I understood their reaction. Back then, news content was the main focus for web teams, taking up most of their efforts. It was also the most frequently updated content on government websites, with news items sometimes published up to five times a day. ‘News’ featured prominently in most top nav bars and on homepages, and also won top placement on the main grids or carousels.
From the analytics we had for departmental websites in the UK, however, we could see that little more than two percent of the annual traffic for these sites was going to news. Of those users coming to the sites for news, the vast majority were finding it not from homepages and nav bars but from external search engines and social media links.
Despite extensive analytics data and user feedback highlighting clear frustration with news content cluttering searches and navigation — hindering users from accessing essential services — the changes we made to how and when news appeared on GOV.UK felt among the most transformative steps in redefining the purpose of government websites.
Being bold
We pressed on and delivered on what people told us they needed most. News releases dropped out of prominence on the homepage and departmental landing pages, replaced by information and signposting for services. Users responded positively in their actions and their feedback.
Yet, for years after GOV.UK’s launch it continued to look like an oddity when screenshotted next to many other government and public sector sites in the UK and around the world. News and marketing-style content still dominated and people had to dig deep for services.
We kept studying the data, talking to users, making iterations and posting about our rationale, and over the years we grew in confidence that, by prioritising informational and transactional services, we had done a good thing as far as users were concerned.
Supporting the City of Kyiv
In August 2024, we agreed to help the City of Kyiv inform decisions about services on its main website by doing some comparative analysis aimed at identifying trends across the sites of peer governments globally.
We reviewed eight national or central government sites and 17 city or municipal sites; some were nominated by Kyiv, others were selected at random, and in the end our sample spanned the continents. For the team, this was a fascinating opportunity to learn how governments were running their main websites a decade on from GOV.UK’s ‘radical’ steps.
Here are some of the notable observations from our study, offering insights into what seems to be working well and where there may be opportunities for improvement.
In the service of services
All but one of the governments we looked at gave priority to ‘Services’ on their main website. They gave prominence to ‘Services’ on their homepage, and included it as the main option in their ‘global’ navigation bar.
We had expected to see this happen in some cases but to see it happening in so many was striking. We assume they have made these user-centred design decisions based on data and feedback similar to what has guided GOV.UK’s iterations over the years.
Additionally, most jurisdictions highlighted ‘popular services’ in a section of their homepage.

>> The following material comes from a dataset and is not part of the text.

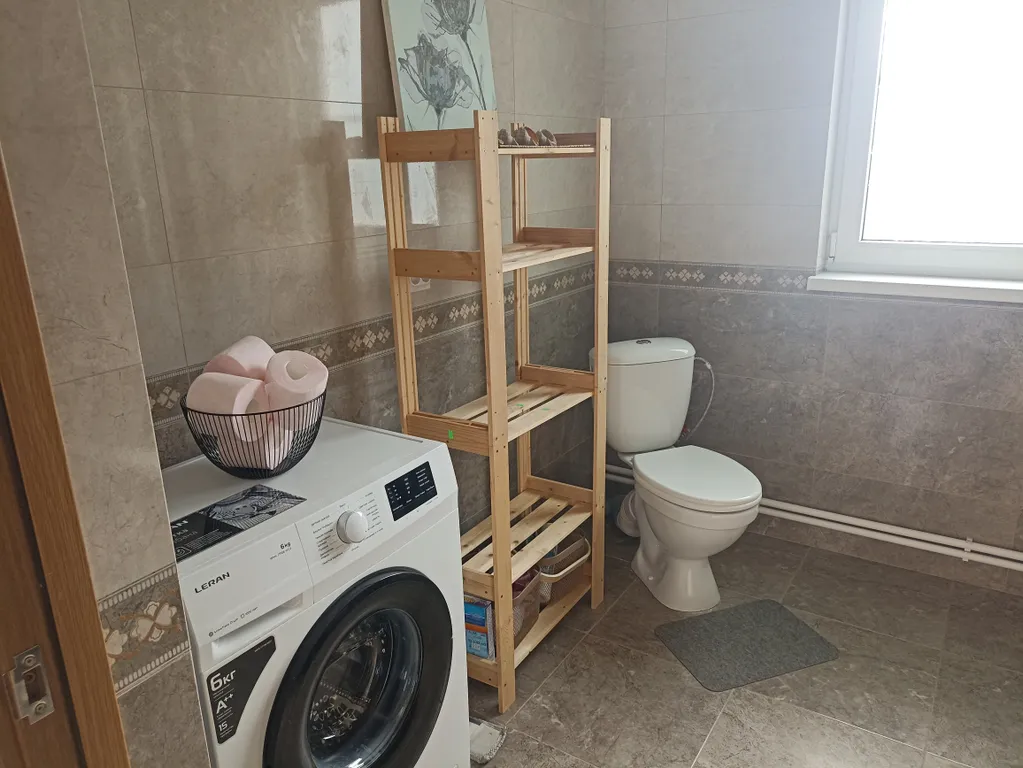 Коттедж Дом Лето в Белом — Темрюк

Looking back into the web archives, however, there appeared to be little curation of these sections, and the basis of this ‘popularity’ was not made clear.

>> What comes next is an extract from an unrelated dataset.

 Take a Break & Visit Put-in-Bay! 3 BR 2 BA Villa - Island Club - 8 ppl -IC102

Categories all the way down
The government sites in our sample offered between 189 and 7168 services. Unsurprisingly, most governments categorised these services to help users find what they needed during their visit.

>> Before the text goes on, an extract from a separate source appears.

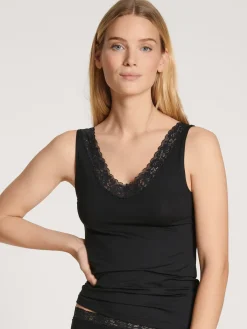 Tank-Top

Most governments led with topic-based categories, with 14 topics used to organise their services on average. What was striking was just how similar the top-level topics that the countries and cities used; with common choices including ‘Business’, ‘Environment’, ‘Health’, ‘Social benefits’ and ‘Transport’. So similar were the way these categories were laid out on the homepages across the sample, that it wouldn’t be a surprise that someone in Amsterdam familiar with their government’s website would have a good idea of what they were looking at if they landed on the website for the City of Buenos Aires, even with the language difference.
There was some variety in the supplementary categorisation, used alongside the top-level topics. Some, additionally, allowed browsing by alphabetical order, responsible departments, life events and user types; but there were no stand-out common patterns.
While the number and naming of the top-level topics were similar across the sample, it was in the sub-category topics (the secondary and tertiary levels) that we encountered the greatest variance: in terms of numbers of categories, how things are organised within the sub categories, and what things are called. There’s lots of obvious and subtle reasons, which are to do with the polity, laws, culture and geography of the places: examples included ‘Ports and harbours’, ‘Withholding tax’, ‘Sex work’ and ‘Ring of Fire’. Some sites had tens of sub-topics, while others had hundreds.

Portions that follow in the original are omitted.